You may want to increase the number of open files to prevent errors like Too many open files.

ulimit -n 32000

We provide a convenient tmux layout script to start a run and view logs. To start the session simply run

bash scripts/tmux.sh

Then, paste the experiment entrypoints detailed below in the Trainer pane to start your run!

RL

Single Node Training

We provide a convenience endpoint rl for single-node RL experiments. It configures and starts the trainer, orchestrator and, optionally, an inference server. It enforces correctly setting shared configs (e.g. the model name or async level should be the same across all modules) and dispatches and monitors subprocesses. To stream the logs from each module we use file logging. By default, only the trainer logs will be displayed on the main process (use the tmux layout script to conveniently view all logs).

To check all available configuration options, run uv run rl --help.

Reverse Text

Train a tiny model (willcb/Qwen2.5-0.5B-Reverse-SFT) to learn to reverse a small chunk of text.
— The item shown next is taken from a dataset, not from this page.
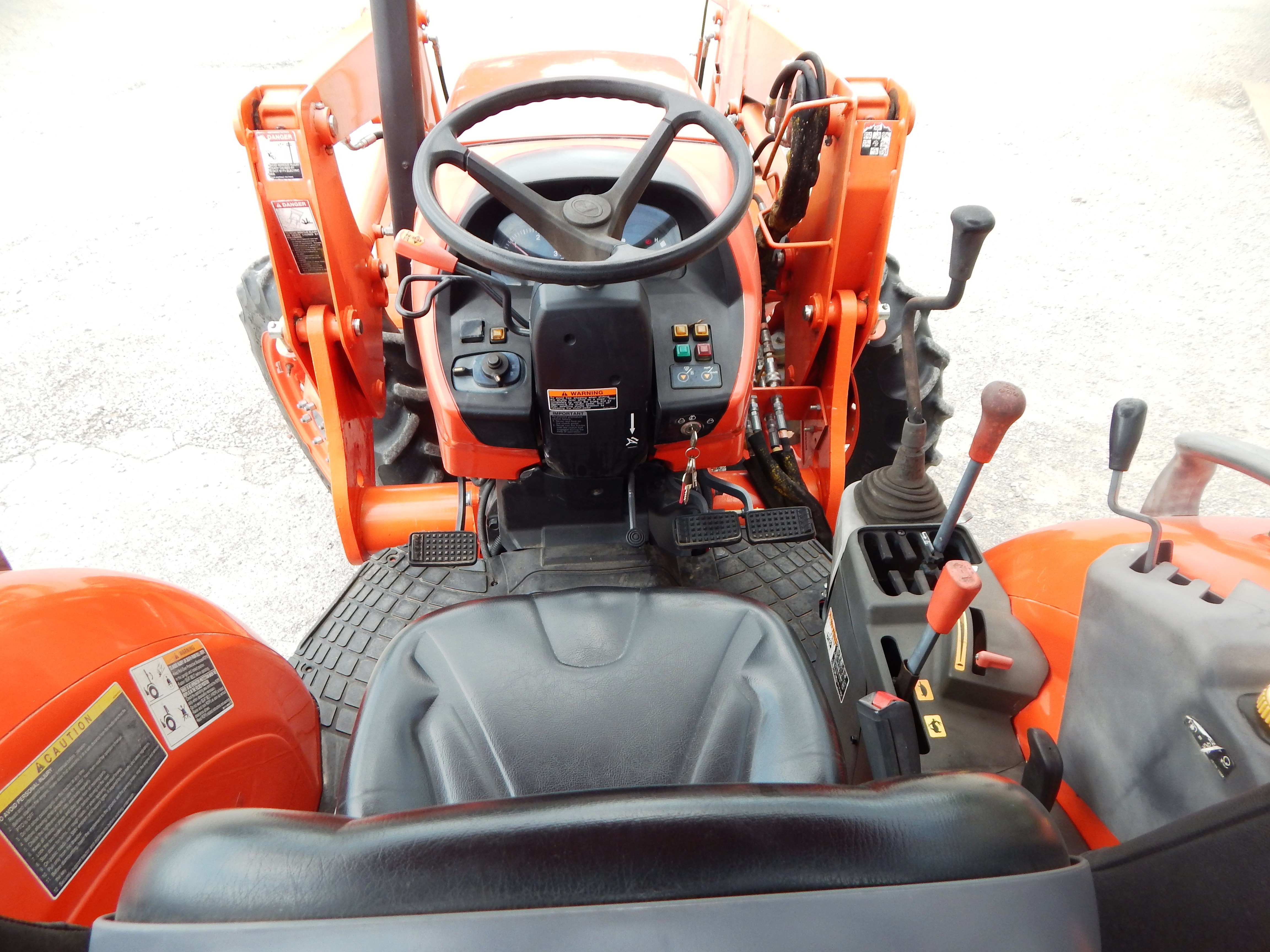 2014 Kubota M7060 Tractor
Training is extremely quick because we allow a maximum context of 128 tokens.

uv run rl \
  --trainer @ configs/trainer/reverse_text.toml \
  --orchestrator @ configs/orchestrator/reverse_text.toml \
  --inference @ configs/inference/reverse_text.toml

With two small GPUs (e.g. RTX 3090/ 4090), this experiment should finish in less than 5 minutes.

Hendrycks Math

Train a small model (willcb/DeepSeek-R1-Distill-Qwen-1.5B) on high-school level math questions. It is recommended to have at least 2xA100-80GB GPUs or more for this experiment.
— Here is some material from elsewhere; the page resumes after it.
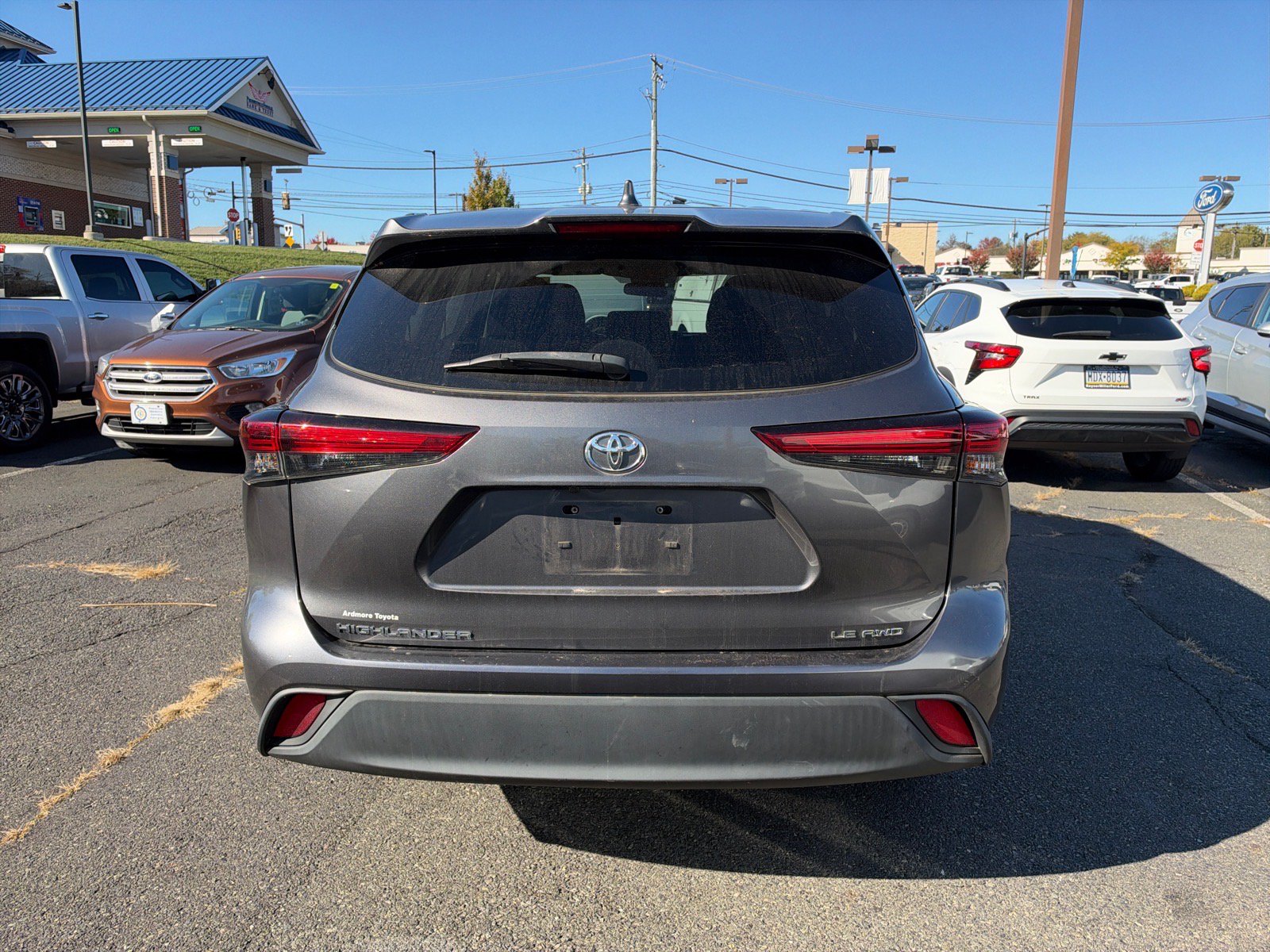 Used 2021 Toyota Highlander LE AWD/4WD image 6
On eight GPUs, run the following command to run the experiment.

uv run rl \
  --trainer @ configs/trainer/hendrycks_math/1b.toml \
  --orchestrator @ configs/orchestrator/hendrycks_math/1b.toml \
  --inference @ configs/inference/hendrycks_math/1b.toml \
  --trainer-gpus 2 --inference-gpus 6

NB: This setup requires 8 GPUs - 2 are used for the FSDP trainer, 6 are used for inference.

INTELLECT-2 Math

Train a small model (willcb/DeepSeek-R1-Distill-Qwen-1.5B) on complex math questions from the INTELLECT-2 dataset.

uv run rl \
  --trainer @ configs/trainer/intellect_math/1b.toml \
  --orchestrator @ configs/orchestrator/intellect_math/1b.toml \
  --inference @ configs/inference/intellect_math/1b.toml \
  --trainer-gpus 2 --inference-gpus 6

NB: This setup requires 8 GPUs - 2 are used for the FSDP trainer, 6 are used for inference.

Multi-Node Training

TBD

Multiple Experiments per Node

For small models/ quick ablations, it can be more efficient to parallelize experiments within a node (e.g. split your GPUs to run two experiments in parallel). Because the trainer communicates with the orchestrator via a shared file system, and the orchestrator communicates with the inference engine via an OAI-compatible API, the connection points have to be uniquely set. For example, if you have access to 4 GPUs you can run two 2 GPU training runs in parallel as follows:

Start the first experiment as normal, but specify a unique experiment identifier (will use the first 2 GPUs)

bash scripts/tmux.sh exp-1

# Start the first experiment
uv run rl \
  --trainer @ configs/trainer/reverse_text.toml \
  --orchestrator @ configs/orchestrator/reverse_text.toml \
  --inference @ configs/inference/reverse_text.toml \
  --exp-id exp-1

For the second experiment, configure a new server port for the inference engine and orchestrator and choose a new experiment identifier (will use the first 2 GPUs)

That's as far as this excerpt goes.